The study is part of a growing body of literature on successful aging. People on average are living longer, and younger people anticipate they will live longer than their parent’s generation did, creating open questions about how to construct a meaningful and satisfying life given changing expectations. For people in mid- to older adulthood, the question of how to live as one gets older becomes more pressing.
The study, along with related earlier work on aging, identifies a reciprocal relationship between subjective age and various measures of mental and physical health, life satisfaction and meaning, and psychosocial indicators related to well-being, including resilience, optimism, and social support. Individuals motivated to maximize chances of enjoying their older years can be intentional in efforts to identify and pull key levers, such as managing physical and psychological problems, maintaining fitness levels, engaging in meaningful activities, and actively cultivating social activities and new relationships, given inevitable losses.
From the point of view of healthcare, simply asking adults how old they feel and comparing that with calendar age is a useful screening question to identify both the need to dig deeper for problems as well as to identify areas of strength and resilience. Key research questions include asking whether cultivating a sense of younger subjective age is possible (presumably it is), and could doing so lead to enhanced health-promoting behaviors, and if so among what groups, via what means most effectively.
Moreover, subjective age is a key performance indicator correlated with the aforementioned factors associated with late-life flourishing and well-being. The younger we feel relative to our chronological age, the more likely we are to be doing well in other areas. On the other hand, starting to feel like our actual age may be related to wise acceptance, but it also may signify a need to look closely about why that is and what we can do to restore a sense of reasonable subjective youthfulness.
Understanding how self-concept changes with age given changes in health, cognition, and appearance is important for maintaining satisfaction throughout the life cycle. According to psychologist Erik Erikson’s foundational work, development proceeds from cradle to grave. The last two stages of adult development are middle adulthood, from about 40 to 65 years of age, and late adulthood, from 65 onward.

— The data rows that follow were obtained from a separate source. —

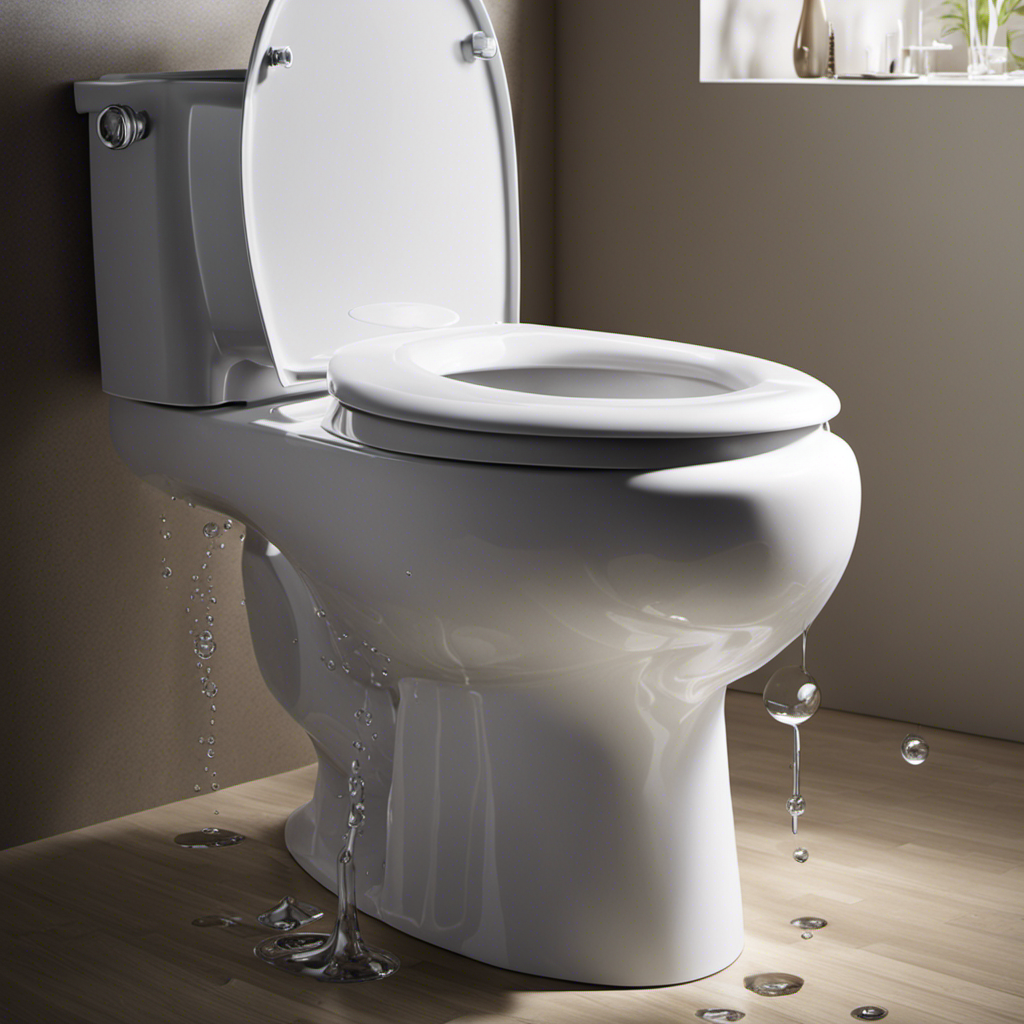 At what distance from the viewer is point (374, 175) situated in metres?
1.46

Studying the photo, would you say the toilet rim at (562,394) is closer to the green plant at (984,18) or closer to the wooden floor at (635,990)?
the wooden floor at (635,990)

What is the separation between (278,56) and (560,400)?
18.7 inches

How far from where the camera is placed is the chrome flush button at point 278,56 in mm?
1338

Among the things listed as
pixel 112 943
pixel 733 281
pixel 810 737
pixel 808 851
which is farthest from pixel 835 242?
pixel 112 943

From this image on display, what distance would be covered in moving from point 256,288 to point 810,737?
948mm

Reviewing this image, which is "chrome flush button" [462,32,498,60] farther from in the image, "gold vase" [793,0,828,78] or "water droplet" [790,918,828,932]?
"water droplet" [790,918,828,932]

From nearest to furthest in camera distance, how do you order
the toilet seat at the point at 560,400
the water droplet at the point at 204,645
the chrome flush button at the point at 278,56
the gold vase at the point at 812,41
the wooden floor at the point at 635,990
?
1. the toilet seat at the point at 560,400
2. the wooden floor at the point at 635,990
3. the chrome flush button at the point at 278,56
4. the water droplet at the point at 204,645
5. the gold vase at the point at 812,41

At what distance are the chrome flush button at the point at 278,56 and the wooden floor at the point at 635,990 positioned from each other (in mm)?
788

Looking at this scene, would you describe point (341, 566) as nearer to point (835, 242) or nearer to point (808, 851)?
point (808, 851)

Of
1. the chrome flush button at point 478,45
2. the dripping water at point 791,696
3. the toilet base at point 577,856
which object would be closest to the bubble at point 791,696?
the dripping water at point 791,696

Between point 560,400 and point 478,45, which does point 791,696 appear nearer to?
point 560,400

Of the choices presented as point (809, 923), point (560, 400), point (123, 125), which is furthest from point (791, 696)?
point (123, 125)

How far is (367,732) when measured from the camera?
1.42 meters

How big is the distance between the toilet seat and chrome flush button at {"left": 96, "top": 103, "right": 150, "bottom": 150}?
30 centimetres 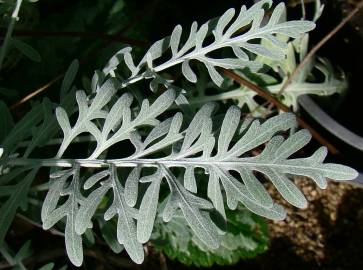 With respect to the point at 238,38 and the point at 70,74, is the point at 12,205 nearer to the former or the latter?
the point at 70,74

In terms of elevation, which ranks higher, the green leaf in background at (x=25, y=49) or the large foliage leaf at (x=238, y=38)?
the large foliage leaf at (x=238, y=38)

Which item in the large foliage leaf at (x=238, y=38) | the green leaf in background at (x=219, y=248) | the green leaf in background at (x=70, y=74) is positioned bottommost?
the green leaf in background at (x=219, y=248)

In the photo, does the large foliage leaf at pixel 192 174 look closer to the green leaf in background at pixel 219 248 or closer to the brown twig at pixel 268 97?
the brown twig at pixel 268 97

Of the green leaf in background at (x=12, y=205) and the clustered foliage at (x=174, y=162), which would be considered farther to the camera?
the green leaf in background at (x=12, y=205)

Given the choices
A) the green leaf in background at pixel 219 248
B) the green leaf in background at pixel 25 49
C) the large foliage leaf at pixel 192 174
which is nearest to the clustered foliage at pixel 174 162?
the large foliage leaf at pixel 192 174

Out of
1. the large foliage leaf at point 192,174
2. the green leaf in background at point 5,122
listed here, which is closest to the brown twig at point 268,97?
the large foliage leaf at point 192,174

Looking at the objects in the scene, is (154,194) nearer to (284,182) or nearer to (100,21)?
(284,182)

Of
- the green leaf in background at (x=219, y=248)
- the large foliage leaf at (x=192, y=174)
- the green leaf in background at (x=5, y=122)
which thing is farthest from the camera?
the green leaf in background at (x=219, y=248)

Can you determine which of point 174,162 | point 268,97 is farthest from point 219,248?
point 174,162

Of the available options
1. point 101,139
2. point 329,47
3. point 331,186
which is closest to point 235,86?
point 329,47

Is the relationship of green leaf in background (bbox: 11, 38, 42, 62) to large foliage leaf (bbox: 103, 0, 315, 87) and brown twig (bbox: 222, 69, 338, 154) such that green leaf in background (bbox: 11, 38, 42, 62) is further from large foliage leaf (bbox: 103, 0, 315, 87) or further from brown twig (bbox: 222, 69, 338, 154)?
brown twig (bbox: 222, 69, 338, 154)

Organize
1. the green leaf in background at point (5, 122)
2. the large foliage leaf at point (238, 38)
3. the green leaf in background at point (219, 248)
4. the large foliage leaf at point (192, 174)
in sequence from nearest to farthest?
the large foliage leaf at point (192, 174), the large foliage leaf at point (238, 38), the green leaf in background at point (5, 122), the green leaf in background at point (219, 248) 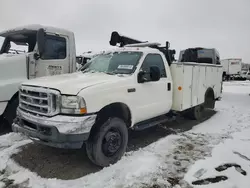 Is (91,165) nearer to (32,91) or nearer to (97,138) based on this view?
(97,138)

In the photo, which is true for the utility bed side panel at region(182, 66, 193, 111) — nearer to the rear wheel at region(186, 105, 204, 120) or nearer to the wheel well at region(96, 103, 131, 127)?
the rear wheel at region(186, 105, 204, 120)

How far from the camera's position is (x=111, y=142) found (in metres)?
3.95

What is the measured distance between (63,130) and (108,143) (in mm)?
912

Middle adulthood is organized around generativity vs. stagnation, the sense of having lived a productive, successful personal and professional life. Late adulthood involves looking back on the totality of one’s existence, as death approaches, navigating ego integrity vs. despair. Feeling young at heart while accepting and coping with physical aging, making constructive choices without succumbing to excessive anxiety, being resilient without undue struggle and suffering—perhaps easier said than done.
The older people get, the more the subjective age lags behind calendar age. Many people I’ve known report a sense of disbelief at being as old as they are, in a sense forgetting their age and feeling surprised when they remember. With a smile, my father often said, “What happened to that young guy I used to see in the mirror?”
It seems there is some truth to the old adage. Not only are we as young as we feel, feeling younger than we are may actually drive greater health, well-being, and purpose as we age.